(Items from a data source)

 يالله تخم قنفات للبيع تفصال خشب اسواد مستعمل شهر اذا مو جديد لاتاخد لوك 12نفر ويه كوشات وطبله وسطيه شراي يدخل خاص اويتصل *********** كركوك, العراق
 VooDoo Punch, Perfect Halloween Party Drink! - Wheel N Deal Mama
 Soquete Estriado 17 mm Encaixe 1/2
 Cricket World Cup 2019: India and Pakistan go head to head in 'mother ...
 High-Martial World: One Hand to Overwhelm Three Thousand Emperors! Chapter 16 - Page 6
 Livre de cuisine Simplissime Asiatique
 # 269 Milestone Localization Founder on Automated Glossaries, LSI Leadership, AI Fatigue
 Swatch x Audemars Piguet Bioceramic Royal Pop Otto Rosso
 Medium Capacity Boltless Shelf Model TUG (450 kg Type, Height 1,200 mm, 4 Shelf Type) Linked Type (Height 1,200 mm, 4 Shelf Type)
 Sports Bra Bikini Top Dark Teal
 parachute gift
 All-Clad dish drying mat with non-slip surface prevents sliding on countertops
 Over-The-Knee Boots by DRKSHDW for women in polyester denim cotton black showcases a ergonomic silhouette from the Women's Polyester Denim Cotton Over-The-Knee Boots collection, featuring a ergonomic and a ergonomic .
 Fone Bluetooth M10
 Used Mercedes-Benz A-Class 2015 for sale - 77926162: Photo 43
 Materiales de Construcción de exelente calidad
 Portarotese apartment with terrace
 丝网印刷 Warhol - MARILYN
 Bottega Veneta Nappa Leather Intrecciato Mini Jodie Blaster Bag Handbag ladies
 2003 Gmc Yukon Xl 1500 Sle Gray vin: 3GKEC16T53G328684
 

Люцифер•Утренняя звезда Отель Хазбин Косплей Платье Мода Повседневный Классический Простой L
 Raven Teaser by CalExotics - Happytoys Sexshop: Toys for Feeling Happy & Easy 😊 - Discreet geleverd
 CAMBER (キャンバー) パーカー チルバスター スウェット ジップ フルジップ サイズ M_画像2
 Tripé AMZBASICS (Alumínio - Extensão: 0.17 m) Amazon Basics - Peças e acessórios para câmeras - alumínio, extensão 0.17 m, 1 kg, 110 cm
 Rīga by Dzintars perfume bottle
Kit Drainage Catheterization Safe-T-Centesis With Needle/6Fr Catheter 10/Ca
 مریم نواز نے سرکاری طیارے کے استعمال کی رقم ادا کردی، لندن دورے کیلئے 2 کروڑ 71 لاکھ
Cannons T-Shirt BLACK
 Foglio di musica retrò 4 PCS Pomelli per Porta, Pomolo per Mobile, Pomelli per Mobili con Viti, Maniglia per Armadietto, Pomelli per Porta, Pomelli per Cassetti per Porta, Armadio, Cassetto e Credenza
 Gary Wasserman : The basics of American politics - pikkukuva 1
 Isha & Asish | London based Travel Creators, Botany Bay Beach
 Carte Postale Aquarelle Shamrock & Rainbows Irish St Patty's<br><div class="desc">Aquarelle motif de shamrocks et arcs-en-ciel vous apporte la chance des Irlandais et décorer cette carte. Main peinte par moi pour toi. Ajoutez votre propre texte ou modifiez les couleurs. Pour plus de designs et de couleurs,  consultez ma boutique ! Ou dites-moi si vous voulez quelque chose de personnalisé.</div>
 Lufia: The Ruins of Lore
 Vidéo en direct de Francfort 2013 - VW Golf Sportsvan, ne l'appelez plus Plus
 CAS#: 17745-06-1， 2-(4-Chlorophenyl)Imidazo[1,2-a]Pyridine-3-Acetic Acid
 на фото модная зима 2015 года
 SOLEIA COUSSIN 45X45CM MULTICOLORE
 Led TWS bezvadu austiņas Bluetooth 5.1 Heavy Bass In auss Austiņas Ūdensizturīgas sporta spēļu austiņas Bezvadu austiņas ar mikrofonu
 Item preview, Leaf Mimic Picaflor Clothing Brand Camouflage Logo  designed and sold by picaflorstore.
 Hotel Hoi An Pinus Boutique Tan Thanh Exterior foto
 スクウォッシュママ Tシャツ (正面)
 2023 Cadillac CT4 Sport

EXERCISE AIM ::
Your output must be an exact copy of every entry.

WRITTEN RESPONSE ::
 يالله تخم قنفات للبيع تفصال خشب اسواد مستعمل شهر اذا مو جديد لاتاخد لوك 12نفر ويه كوشات وطبله وسطيه شراي يدخل خاص اويتصل *********** كركوك, العراق
 VooDoo Punch, Perfect Halloween Party Drink! - Wheel N Deal Mama
 Soquete Estriado 17 mm Encaixe 1/2
 Cricket World Cup 2019: India and Pakistan go head to head in 'mother ...
 High-Martial World: One Hand to Overwhelm Three Thousand Emperors! Chapter 16 - Page 6
 Livre de cuisine Simplissime Asiatique
 # 269 Milestone Localization Founder on Automated Glossaries, LSI Leadership, AI Fatigue
 Swatch x Audemars Piguet Bioceramic Royal Pop Otto Rosso
 Medium Capacity Boltless Shelf Model TUG (450 kg Type, Height 1,200 mm, 4 Shelf Type) Linked Type (Height 1,200 mm, 4 Shelf Type)
 Sports Bra Bikini Top Dark Teal
 parachute gift
 All-Clad dish drying mat with non-slip surface prevents sliding on countertops
 Over-The-Knee Boots by DRKSHDW for women in polyester denim cotton black showcases a ergonomic silhouette from the Women's Polyester Denim Cotton Over-The-Knee Boots collection, featuring a ergonomic and a ergonomic .
 Fone Bluetooth M10
 Used Mercedes-Benz A-Class 2015 for sale - 77926162: Photo 43
 Materiales de Construcción de exelente calidad
 Portarotese apartment with terrace
 丝网印刷 Warhol - MARILYN
 Bottega Veneta Nappa Leather Intrecciato Mini Jodie Blaster Bag Handbag ladies
 2003 Gmc Yukon Xl 1500 Sle Gray vin: 3GKEC16T53G328684
 

Люцифер•Утренняя звезда Отель Хазбин Косплей Платье Мода Повседневный Классический Простой L
 Raven Teaser by CalExotics - Happytoys Sexshop: Toys for Feeling Happy & Easy 😊 - Discreet geleverd
 CAMBER (キャンバー) パーカー チルバスター スウェット ジップ フルジップ サイズ M_画像2
 Tripé AMZBASICS (Alumínio - Extensão: 0.17 m) Amazon Basics - Peças e acessórios para câmeras - alumínio, extensão 0.17 m, 1 kg, 110 cm
 Rīga by Dzintars perfume bottle
Kit Drainage Catheterization Safe-T-Centesis With Needle/6Fr Catheter 10/Ca
 مریم نواز نے سرکاری طیارے کے استعمال کی رقم ادا کردی، لندن دورے کیلئے 2 کروڑ 71 لاکھ
Cannons T-Shirt BLACK
 Foglio di musica retrò 4 PCS Pomelli per Porta, Pomolo per Mobile, Pomelli per Mobili con Viti, Maniglia per Armadietto, Pomelli per Porta, Pomelli per Cassetti per Porta, Armadio, Cassetto e Credenza
 Gary Wasserman : The basics of American politics - pikkukuva 1
 Isha & Asish | London based Travel Creators, Botany Bay Beach
 Carte Postale Aquarelle Shamrock & Rainbows Irish St Patty's<br><div class="desc">Aquarelle motif de shamrocks et arcs-en-ciel vous apporte la chance des Irlandais et décorer cette carte. Main peinte par moi pour toi. Ajoutez votre propre texte ou modifiez les couleurs. Pour plus de designs et de couleurs,  consultez ma boutique ! Ou dites-moi si vous voulez quelque chose de personnalisé.</div>
 Lufia: The Ruins of Lore
 Vidéo en direct de Francfort 2013 - VW Golf Sportsvan, ne l'appelez plus Plus
 CAS#: 17745-06-1， 2-(4-Chlorophenyl)Imidazo[1,2-a]Pyridine-3-Acetic Acid
 на фото модная зима 2015 года
 SOLEIA COUSSIN 45X45CM MULTICOLORE
 Led TWS bezvadu austiņas Bluetooth 5.1 Heavy Bass In auss Austiņas Ūdensizturīgas sporta spēļu austiņas Bezvadu austiņas ar mikrofonu
 Item preview, Leaf Mimic Picaflor Clothing Brand Camouflage Logo  designed and sold by picaflorstore.
 Hotel Hoi An Pinus Boutique Tan Thanh Exterior foto
 スクウォッシュママ Tシャツ (正面)
 2023 Cadillac CT4 Sport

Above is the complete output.